Red teams lift the branches higher; they are the crew that kicks the tires of the vehicle before it leaves the pit lane. Pick your metaphor — the red team tests… thoroughly. They pose as cybercriminals, think as cybercriminals, plan as cybercriminals, and move as cybercriminals. They find stealthy paths and opportunities for lateral movement, just as a real threat actor would. They exploit gaps in hybrid workflows. They leverage the same real-world techniques in use today to dupe users into revealing information about themselves and their business environment. And they do not hesitate to hijack cloud accounts to gain access to a target.

When the red team is done, the target organization’s CISO will have a crystal-clear picture of how current security measures would fare against a real attack. Red teams keep up to date with the threat landscape, informing themselves of how the nefarious operator goes about their business. They know the latest techniques, procedures, and mind games. The best red teams, however, go beyond the standard penetration tests necessary for strict compliance. They do this because they know that many “compliant” systems are vulnerable. Such systems can and do get compromised, which can and does lead to damage.

The weakest links

Automated scans that only discover technical vulnerabilities tell a bland story, and certainly reveal very little detail of the real threats facing a business, or how those risks may become disasters. So, threat-led red team exercises simulate multiple scenarios to cover all possible chinks in the digital armor. Sometimes these gaps will involve vulnerabilities in technology. But other instances may involve processes or people. Bad actors have a rich history of finding the weakest links wherever they may be, so cyber-defenders must become adept at doing the same. Red teams can help them do this. They can show organizations the gaps in, say, the training of back-office personnel by using simple social engineering or phishing techniques, or the Swiss cheese of shadow IT, as entry points. Red teamers are trained to never miss a trick and may even plant innocent-looking USB sticks where employees can find them. Ill-trained individuals may lift these booby traps and plug them into corporate assets, thereby becoming victims of the red team.

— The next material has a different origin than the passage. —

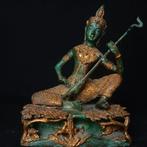 Apsara jouant d’un luth céleste dans un jardin - sculptuur -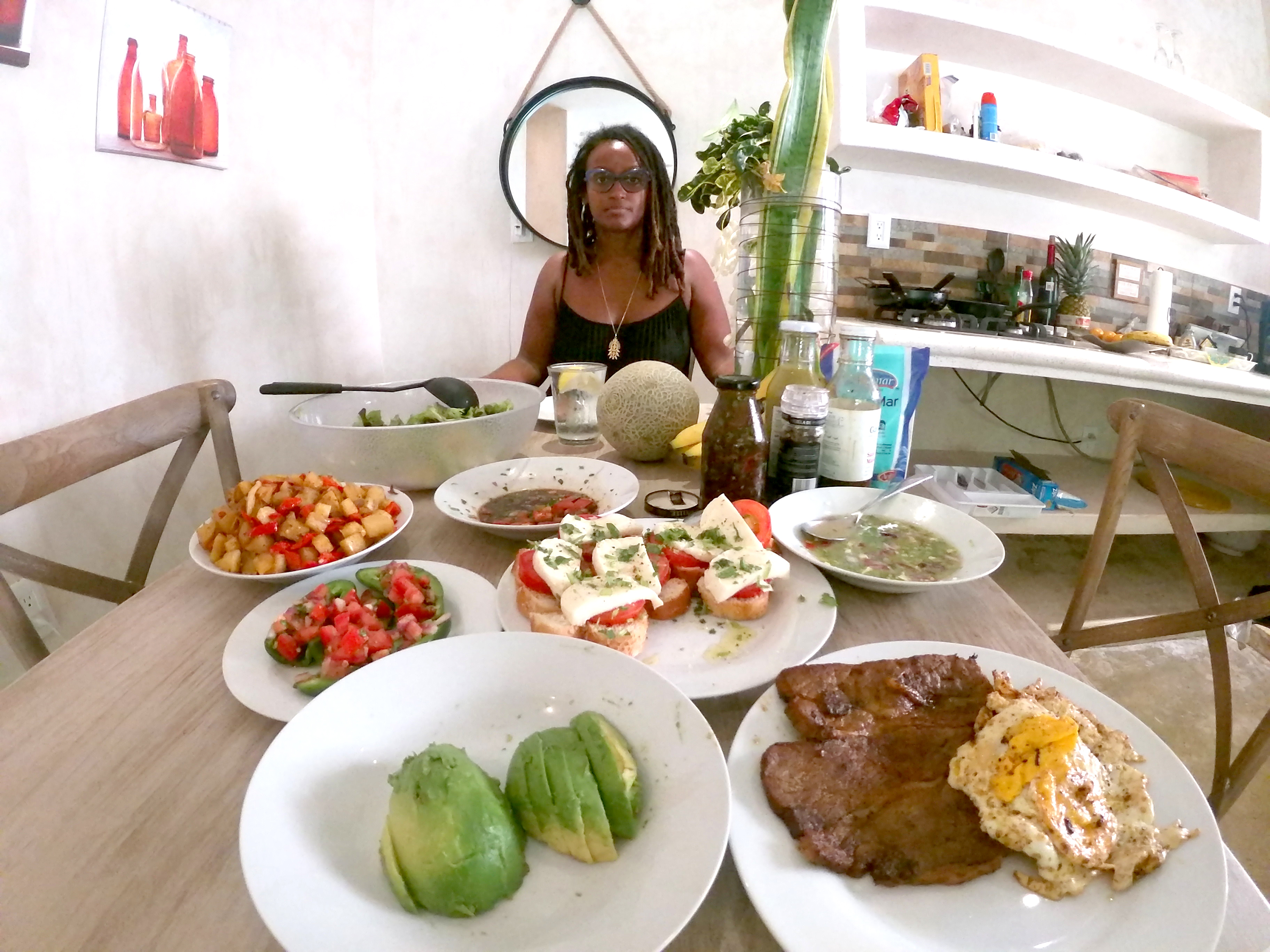A medium-dark skinned adult woman sits at the end of a table, as if sitting across from the viewer. She has shoulder-length, dreadlocked hair, and wears glasses and a black tank top with a gold necklace. The table is set with colorful foods like avocados and bruschetta.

The value of the red team quickly becomes apparent when they are able to report that thorough training is the ideal path to a more robust threat posture, rather than the patching of a series of technical flaws. Whatever improvement programs an organization opts to initiate, the red team gives much-needed guidance on direction and priority. Standard pen-tests miss a lot, given the modern methods of the cybercriminal. And while it is important to have a comprehensive patch program in place, red teams’ duplication of standard bad-actor methodologies will reveal a triage list that includes the most common exploits, allowing for quick wins — always welcome to the CISO trying to prove the value-adding credentials of their SOC.

When it comes to technology, CISOs that have engaged with proven red teams will likely opt for a preconfigured network-based threat detection and mitigation solution — one that significantly boosts threat-detection capabilities and offers quicker time to value than endpoint detection and response (EDR). Visibility is improved without wholesale changes to environments, and alert fatigue is drastically reduced.

Roadworthy at last, but for how long?

Remember that race? Competitors are happy to see you spin off the track. Spectators care nothing for an also-ran and will turn their attention to those left in the turns. But at the risk of belaboring the point, this is a race with no finish line. CISOs and their analysts, with the support of ever-vigilant red teams, must work each day to ensure that every digital experience makes it through the development life cycle as a roadworthy speedster capable of taking the organization to victory.